In recent weeks, Ben Simmons has frequently been mentioned as the centerpiece in a potential trade between the Philadelphia 76ers and Houston Rockets -- a deal that would also include James Harden, who has made it abundantly clear that he no longer wants to be a member of the Rockets. Houston's interest in Simmons makes sense, as they could do much worse than the dominant defender and nightly triple-double threat that Simmons is if they were going to lose their former league MVP. However, every time these rumors resurfaced, the Sixers have quickly shut them down.
In recent sessions with media members, Doc Rivers has twice emphasized that the leaks and rumors aren't coming from the Sixers side of things.
The Sixers' new president of basketball operations, Daryl Morey, "liked" the above Tweet regarding the rumors, presumably showing solidarity with Rivers' remarks. Morey also publicly declared that the Sixers wouldn't be trading Simmons.
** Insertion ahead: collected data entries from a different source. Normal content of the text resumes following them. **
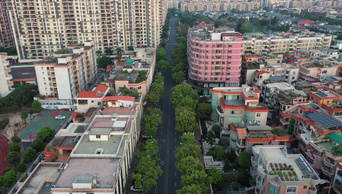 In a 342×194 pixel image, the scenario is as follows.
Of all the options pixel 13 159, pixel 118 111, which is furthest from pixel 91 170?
pixel 13 159

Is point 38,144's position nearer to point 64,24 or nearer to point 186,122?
point 186,122

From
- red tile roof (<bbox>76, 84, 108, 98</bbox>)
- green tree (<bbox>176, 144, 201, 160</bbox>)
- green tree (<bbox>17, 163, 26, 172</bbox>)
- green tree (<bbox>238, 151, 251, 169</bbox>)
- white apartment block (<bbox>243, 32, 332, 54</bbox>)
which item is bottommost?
green tree (<bbox>17, 163, 26, 172</bbox>)

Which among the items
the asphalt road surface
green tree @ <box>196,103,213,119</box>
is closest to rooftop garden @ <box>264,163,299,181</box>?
the asphalt road surface

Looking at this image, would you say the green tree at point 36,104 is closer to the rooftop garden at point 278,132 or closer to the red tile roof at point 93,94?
the red tile roof at point 93,94

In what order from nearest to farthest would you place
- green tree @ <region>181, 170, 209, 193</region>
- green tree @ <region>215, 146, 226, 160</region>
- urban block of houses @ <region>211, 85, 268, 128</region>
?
green tree @ <region>181, 170, 209, 193</region>, green tree @ <region>215, 146, 226, 160</region>, urban block of houses @ <region>211, 85, 268, 128</region>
"We are not trading Ben Simmons -- he is an important part of our future," Morey said in a statement earlier this week. A team source also confirmed to CBS Sports that the Sixers have no plans of moving on from Simmons at this point in time. So, Simmons seems safe for now. But here's the thing, situations can change very quickly in the NBA, as we have seen time and again over recent years.
Also, just because an executive says one thing, that doesn't mean that they won't ultimately do the exact opposite. Morey, specifically, has a history when it comes to saying one thing but doing another. During the 2019 offseason, Morey traded veteran guard Chris Paul to the Oklahoma City Thunder just days after telling Paul that he wouldn't be moved. This understandably rubbed Paul the wrong way.
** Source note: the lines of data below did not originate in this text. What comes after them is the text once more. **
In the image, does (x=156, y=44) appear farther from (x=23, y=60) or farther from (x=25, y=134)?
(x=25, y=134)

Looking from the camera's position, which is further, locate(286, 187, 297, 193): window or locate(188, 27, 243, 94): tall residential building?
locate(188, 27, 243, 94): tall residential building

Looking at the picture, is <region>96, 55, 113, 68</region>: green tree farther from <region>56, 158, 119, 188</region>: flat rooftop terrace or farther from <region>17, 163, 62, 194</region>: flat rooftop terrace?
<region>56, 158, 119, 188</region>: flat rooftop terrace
"My initial reaction? I was shocked," Paul said of the trade after it occurred. "Truth be told, I just talked to Daryl [Morey] a couple days before the trade and he said he wasn't going to trade me [to Oklahoma City]. That's funny because that is going to be the alert that pops up on everybody's phone because nobody knows that. But what the hell, I just said it.
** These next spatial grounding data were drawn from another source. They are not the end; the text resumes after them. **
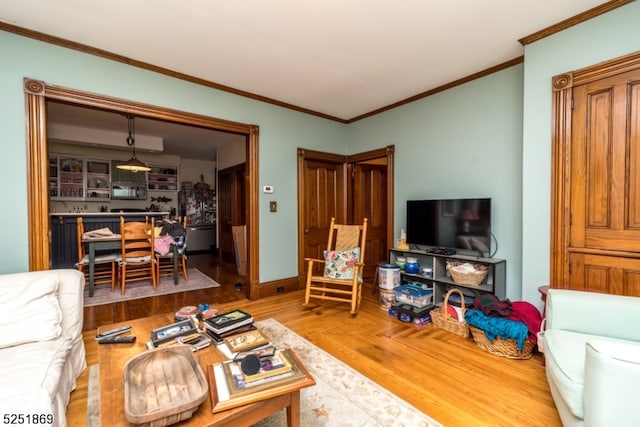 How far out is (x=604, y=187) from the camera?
6.81ft

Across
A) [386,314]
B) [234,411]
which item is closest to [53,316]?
[234,411]

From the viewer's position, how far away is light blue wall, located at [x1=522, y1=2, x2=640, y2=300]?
213 cm

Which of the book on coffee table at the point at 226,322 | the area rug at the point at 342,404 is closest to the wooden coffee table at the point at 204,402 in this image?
the book on coffee table at the point at 226,322

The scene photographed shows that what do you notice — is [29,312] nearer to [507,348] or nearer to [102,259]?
[102,259]

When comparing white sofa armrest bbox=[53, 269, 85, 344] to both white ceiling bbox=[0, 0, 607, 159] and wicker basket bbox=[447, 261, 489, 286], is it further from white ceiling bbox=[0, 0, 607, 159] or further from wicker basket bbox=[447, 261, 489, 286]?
wicker basket bbox=[447, 261, 489, 286]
"Every situation is different," Paul added. "But the team is going to do whatever they want to do. They'll tell you one thing and do a smooth 'nother thing ... The GM there in Houston, he don't owe me nothing. You know what I mean? He may tell me one thing but do another thing. But you just understand that that's what it is."
That trade wasn't an indictment on Morey's character, but rather it just represented the reality of the business of basketball. Things change quickly in the league, and as a result, teams have to remain flexible and fluid. But, if Morey was willing to do that to a player like Chris Paul with the reputation that he has built up over the course of his career, it's not a stretch to think that he would also be willing to do something similar with a less-proven player like Simmons. Plus, Morey's relationship with Harden needs to be taken into consideration. Morey brought Harden to Houston in 2012, and the two enjoyed some serious success together. When Morey left the Rockets to join the Sixers earlier this year, he was very effusive in his praise of Harden.
"An entire page could be dedicated just to James. He not only transformed my life but also revolutionized the game of basketball — and continues to do so — like almost no one has before," Morey wrote in an ad that he took out in the Houston Chronicle. "The game is played differently because of James, and on every playground in the world, the next generation of talent is studying and imitating his game… I can't believe I won't be able to have another strategy session with James," Morey wrote. "I loved working together on how to get his incredible Hall of Fame teammates Dwight Howard, Chris Paul and Russell Westbrook to the Rockets. I will be rooting for James to win a championship in Houston. It's how this story should end."
Morey clearly has some strong feelings for Harden, and he would probably be happy to continue their professional relationship. But, at the end of the day, Morey was brought to Philadelphia to help lead the Sixers to their first NBA title since 1983, and he is well aware of the difficulties in building a title team around Harden. Despite all the success that the Rockets had during Harden and Morey's time together, they were never able to advance out of the Western Conference, much less win a title. While some of this can be blamed on injury issues (mainly Chris Paul missing the final games of the Western Conference Finals in 2018), some of the blame also has to fall on Harden, who has suffered through his fair share of postseason struggles.
Also, there's a legitimate argument to be made that moving forward, Simmons could be more valuable than Harden. There's the age difference -- Harden is 31, while Simmons is still just 24, and the contract comparison -- Harden has just two more team-controlled years on his current contract, while Simmons is under team control for the next five seasons. Plus, as good as he is, Harden has likely already hit his ceiling as a player at this point in time, while Simmons' vast skill set is still developing. In two or three years he could be a much better player than he is today, and he's already a two-time All-Star and a First Team All-Defensive player. Sure, Harden is a much more dominant scorer, but Simmons does almost everything else on the floor better.
It's for these reasons that a deal hasn't already been done. The Sixers, and Morey, are clearly very high on Simmons, as they should be. But again, that doesn't mean that things can't change. The Sixers have long maintained that they want to see what a new coach can bring out of Simmons and Joel Embiid as a duo, as Brett Brown was the only head coach that either ever had before Rivers. For that reason, it seems almost certain that the Sixers will begin the 2020-21 season with both young All-Stars on the roster. The pressure to perform will be there though. If the Sixers start the season hot, all the trade talk will be put on the back burner. But, if the team struggles out of the gate, calls for change will come. Externally at first, but they could eventually come internally, too. At that point, the Sixers' stance regarding trades could change.